「絵のない」ではなく「えがない」絵本。タイトルは微妙な違いだが内容はアンデルセンのそれとは大違い。「この ほんの ルールを せつめいします かかれている ことばは ぜんぶ こえに だして よむこと」という前振りの後にはユニークな擬音やフレーズが目白押し。子供に読み聞かせれば絶対に笑うという触れ込みは伊達ではない。
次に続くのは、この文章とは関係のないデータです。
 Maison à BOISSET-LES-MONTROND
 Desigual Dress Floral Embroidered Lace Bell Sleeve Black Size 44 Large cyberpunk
「アメリカでヒットした本ですが、英語から日本語に翻訳した際、日本の子供が笑う本になるかどうかが気がかりでした。翻訳をお願いした大友剛さんは、全国の幼稚園や保育園で年間およそ250回も絵本の読み聞かせを行っている方。その機会を活かして、今回は本にする前に子供たちの反応を検証していただきました。ウケがいまいちだった箇所を修正し、訳文に磨きをかけたことがヒットに繋がったと思っています」(担当編集者の窪木竜也さん)
日本版ならではの工夫として、活字のサイズや色、フォントの種類を変え、視覚的なおもしろさを盛り込んだ点も挙げられる。丁寧なローカライズが勝因か。
「対象年齢は4歳から6歳なのですが、もっと小さなお子さんや小学生も爆笑しているそうです。また、親から子への読み聞かせだけではなく、友達同士で読んだり、きょうだいの上の子が下の子に読み聞かせるといった子供同士のやりとりも生まれている点が、他の絵本にはなかなかない特徴だと思います」(窪木さん)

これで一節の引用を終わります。